Wednesday, September 27, 2006

More suggested reading for Banned Book Week

You might think that a book published 55 years ago would have lost its power to shock you, make you laugh or break your heart -- not to mention royally piss off the censors, but J.D. Salinger's "The Catcher in the Rye" is still on the most-challenged list year after year -- ostensibly because of profanity (protagonist Holden Caulfield does like the word "goddamn") prostitution, underage-drinking, premarital sex, and tons of "morons" and "phonies."
Much has been made of the fact that this book is the favorite of nutjob assassins like Mark David Chapman and John Hinckley, and psychologists say it's because misunderstood social outcasts relate to Holden Caulfield -- and he probably is the patron saint of outcasts -- but Holden never shot any of those goddamn phonies. He really in his own clumsy way only wanted to make the world a better place -- that's why he was out there catching all those kids before they fell out of the rye.
And that's why he'll still be out there in that rye a hundred years from now, no matter how hard the book burners try to shut him up.

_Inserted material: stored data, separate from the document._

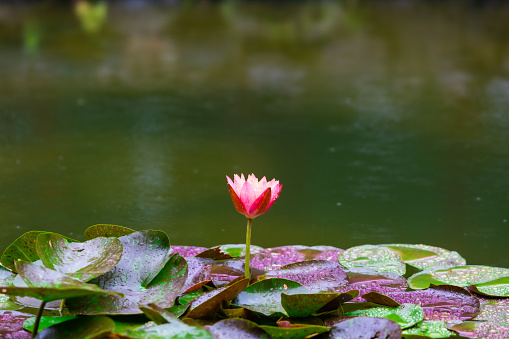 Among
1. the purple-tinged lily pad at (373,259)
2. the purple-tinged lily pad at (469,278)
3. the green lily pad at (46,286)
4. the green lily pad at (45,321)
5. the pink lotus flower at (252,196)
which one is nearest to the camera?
the green lily pad at (46,286)

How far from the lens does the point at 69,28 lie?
6.80 meters

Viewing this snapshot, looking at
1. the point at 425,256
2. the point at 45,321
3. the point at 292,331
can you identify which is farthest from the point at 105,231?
the point at 425,256

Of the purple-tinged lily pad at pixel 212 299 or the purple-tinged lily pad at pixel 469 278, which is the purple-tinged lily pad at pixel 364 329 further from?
the purple-tinged lily pad at pixel 469 278

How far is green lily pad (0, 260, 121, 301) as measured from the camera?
1.00 m

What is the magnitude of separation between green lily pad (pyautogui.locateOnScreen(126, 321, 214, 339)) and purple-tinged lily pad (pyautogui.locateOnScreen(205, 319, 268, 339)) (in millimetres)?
45

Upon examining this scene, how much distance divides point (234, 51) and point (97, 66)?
1.28m

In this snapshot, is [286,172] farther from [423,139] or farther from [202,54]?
[202,54]

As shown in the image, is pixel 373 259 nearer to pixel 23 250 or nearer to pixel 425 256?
pixel 425 256

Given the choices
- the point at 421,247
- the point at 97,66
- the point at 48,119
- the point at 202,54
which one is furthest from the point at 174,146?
the point at 202,54

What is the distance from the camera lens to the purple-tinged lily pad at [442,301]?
4.09ft

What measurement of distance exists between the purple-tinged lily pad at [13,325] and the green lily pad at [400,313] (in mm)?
580

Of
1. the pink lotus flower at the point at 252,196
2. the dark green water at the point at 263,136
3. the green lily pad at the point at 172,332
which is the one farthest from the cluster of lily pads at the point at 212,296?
the dark green water at the point at 263,136

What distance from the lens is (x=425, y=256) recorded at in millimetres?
1547

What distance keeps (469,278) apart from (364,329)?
40cm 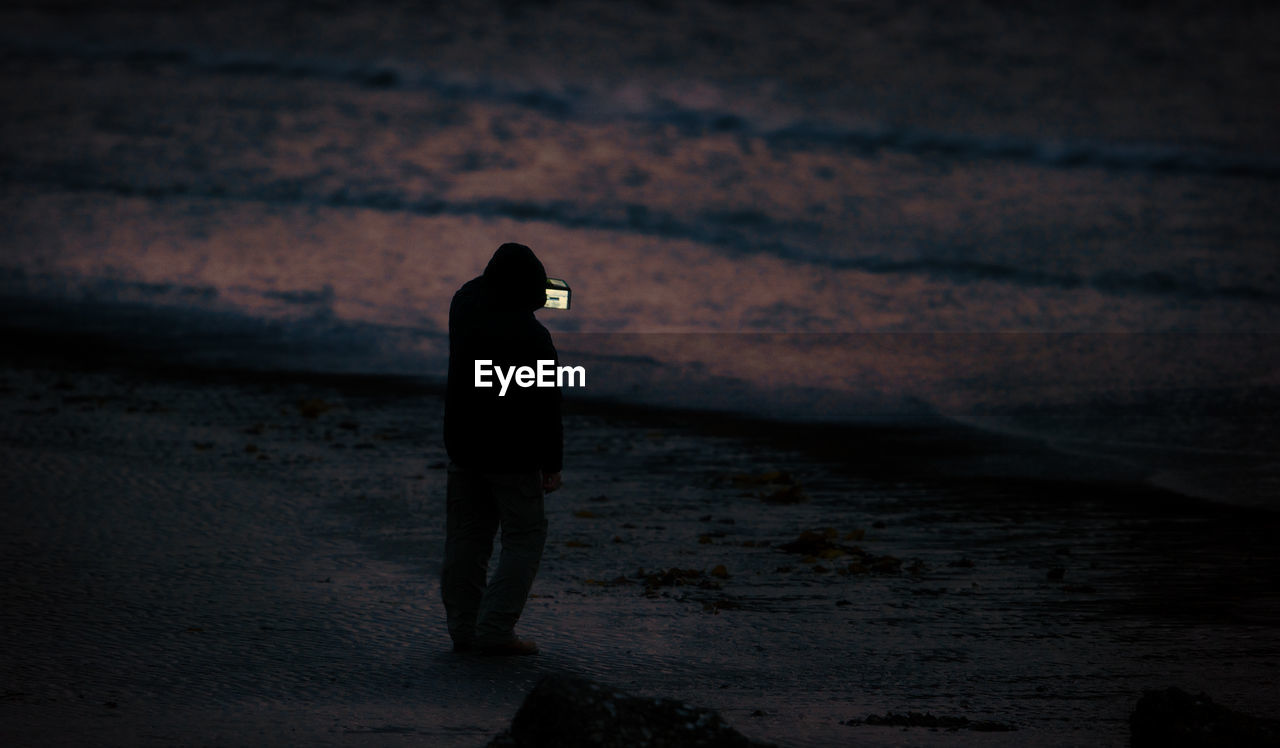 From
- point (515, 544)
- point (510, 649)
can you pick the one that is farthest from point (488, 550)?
point (510, 649)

Here's some trivia about the book from Wikepedia:
  • Holden Caulfield's middle name is Morrisey. Although it does not appear in this book, Salinger used it in a 1946 short story featuring Caulfield called "A Slight Rebellion off Madison," that ran in the New Yorker.
  • The name "Holden Caulfield" first came to Salinger when he saw a movie theater's marquee advertising the 1947 film Dear Ruth, which starred William Holden and Joan Caulfield.
  • The word "fuck" appears in the book only six times and was sometimes given as reason for it being banned. However, in context Holden is trying to remove the word from the walls of a school and the Museum of Natural History to preserve the children's "innocence."
  • The word "goddamn" appears in the book 245 times. However and contrary to popular belief, it is not at least on every other page. (This is a little misleading, it might not be on every single page, but with 245 occurrences in 224 pages it averages out to more than once a page.)
  • Approximately 250,000 copies of The Catcher in the Rye are sold each year, with total sales at about 10 million copies. [1]
  • Is the favorite novel of Terrence Malick, Johnny Depp, Winona Ryder, Billie Joe Armstrong, David Tennant, Paul Bettany, Sarah Michelle Gellar and the late John Ritter.
  • Simon & Garfunkel originally wanted to name themselves "Catchers in the Rye."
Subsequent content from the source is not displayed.